Le classement, validé par le Parlement européen, a eu lieu mi-décembre, mais il était passé inaperçu jusqu’à début février, lorsqu’une résolution déposée par plusieurs eurodéputés exigeant le retrait de la Tunisie de cette liste noire a été retoquée à vingt voix près : une majorité de députés (357 pour, 283 contre) a voté en faveur du retrait de la Tunisie, mais il fallait une majorité absolue des membres, soit 376 voix.

Pour l’Union européenne, cette décision s’impose en raison du manque de transparence des finances publiques de la Tunisie. Elle repose sur une évaluation du Groupe d’action financière (Gafi), organisme intergouvernemental spécialisé dans la lutte contre le blanchiment de capitaux et le financement du terrorisme. Mais pas sur l’évaluation la plus récente ! L’UE s’est appuyée sur des données anciennes alors que le Gafi a révisé sa position début décembre, en déplaçant la Tunisie de la catégorie des “pays à haut risque et non coopératifs” à celle des “pays sous surveillance”, c’est-à-dire en train d’améliorer leur dispositif et ayant des engagements fermes dans ce sens.

« On nous dit, en off bien sûr, que d’autres pays vont venir, y compris des pays européens. Permettez-moi d’être sceptique. On nous dit aussi que l’inscription sur cette liste ne vaut pas sanction, mais surveillance accrue. C’est vrai, mais quel signal envoie-t-on aux investisseurs et aux créanciers de la Tunisie ? Quels dégâts auront été faits d’ici à ce que la Commission revienne sur son acte délégué ? Le fera-t-elle ? Et si, oui, quand ? », s’est indignée l’eurodéputée française Marie-Christine Vergiat (GUE, gauche critique), à l’origine du dépôt de cette motion pro-Tunisie avec deux autres députés, le Portugais Miguel Viegas (GUE) et le Maltais Alfred Sant (S&D, sociaux-démocrates).

Surprise, consternation et incompréhension dominent en effet à l’annonce de cette nouvelle mise au ban de la Tunisie, seul pays rescapé des révolutions arabes, régulièrement célébré par l’Occident – et tout récemment encore par le président français Emmanuel Macron – comme une exception, un modèle, un laboratoire de la transition démocratique réussie dans une région livrée au chaos. Khemaies Jhinaoui, le ministre des affaires étrangères tunisien, a qualifié cette décision de « dure et injuste ». Le premier ministre, Youssef Chahed, a fait savoir qu’il entendait limoger le directeur de la banque centrale de Tunisie, Chedly Ayari, jugé responsable de cette sanction pour avoir mal géré le dossier.
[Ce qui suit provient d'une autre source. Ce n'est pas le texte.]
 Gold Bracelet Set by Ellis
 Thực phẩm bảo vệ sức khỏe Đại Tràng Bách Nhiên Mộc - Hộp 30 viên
« L’impact en termes de réputation est très mauvais pour un pays en recherche d’investissements et d’infrastructures et qui va sortir sur les marchés financiers internationaux pour emprunter massivement. Des entreprises étrangères ne vont pas prendre de risques dans un pays blacklisté », regrette Chafik Ben Rouine, président de l’Observatoire tunisien de l’économie. Il note la contradiction de l’Europe et de ses pays membres : « Nous avons du mal à les comprendre ici en Tunisie. D’un côté, ils assurent nous soutenir dans la transition démocratique et donc dans le défi qui l’accompagne, la transition économique. De l’autre, ils nous mettent la tête sous l’eau en nous classant dans les listes des pays non grata. »
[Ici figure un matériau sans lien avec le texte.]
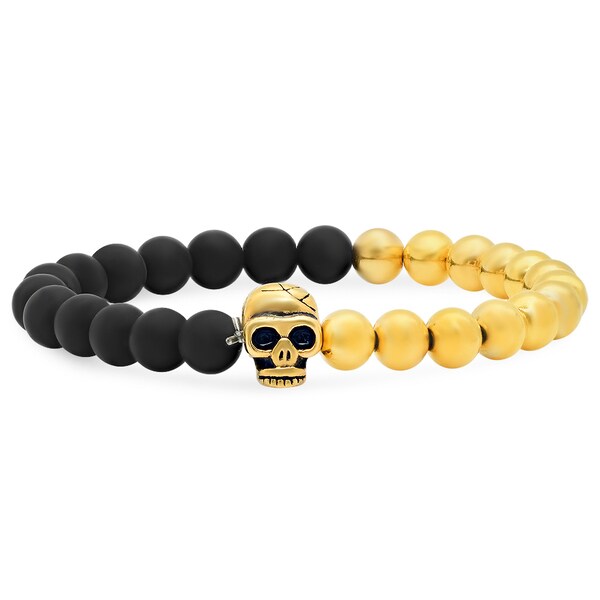gold skull bracelet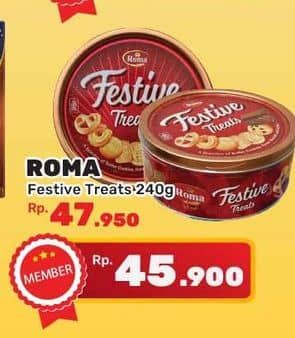 Promo Harga Roma Festive Treats 240 gr - Yogya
Chafik Ben Rouine et bien d’autres observateurs ont une lecture politique de ce classement, là où l’UE oppose une laconique réponse technocratique. Selon eux, l’Union européenne utilise cette liste comme elle a utilisé celle sur les paradis fiscaux : pour faire pression sur la Tunisie et lui tordre le bras dans le dossier de l’« accord de libre-échange approfondi et complet » (Aleca ou DCFTA), ouvert en avril 2016 et négocié dans l’opacité. Dans l’air depuis la chute du régime Ben Ali en 2011, le projet n’avance pas assez vite et ne va pas dans le sens souhaité par l’UE, la jeune démocratie tunisienne allant clairement à reculons à la table des négociations d’un texte grandement asymétrique, et qui favorise plus le géant européen que le nain tunisien. L’accord – d’une veine ultralibérale et marchande –, qui doit porter sur les droits de douane (à réduire un peu plus), mais surtout sur les normes et régulations (à rapprocher entre les deux régions), est du même acabit que les Tafta et Ceta tant décriés de ce côté-ci de la Méditerranée. Il vise à remplacer l’accord, plus modeste, qui libéralise les droits de douane pour certaines industries, en vigueur depuis 1995. 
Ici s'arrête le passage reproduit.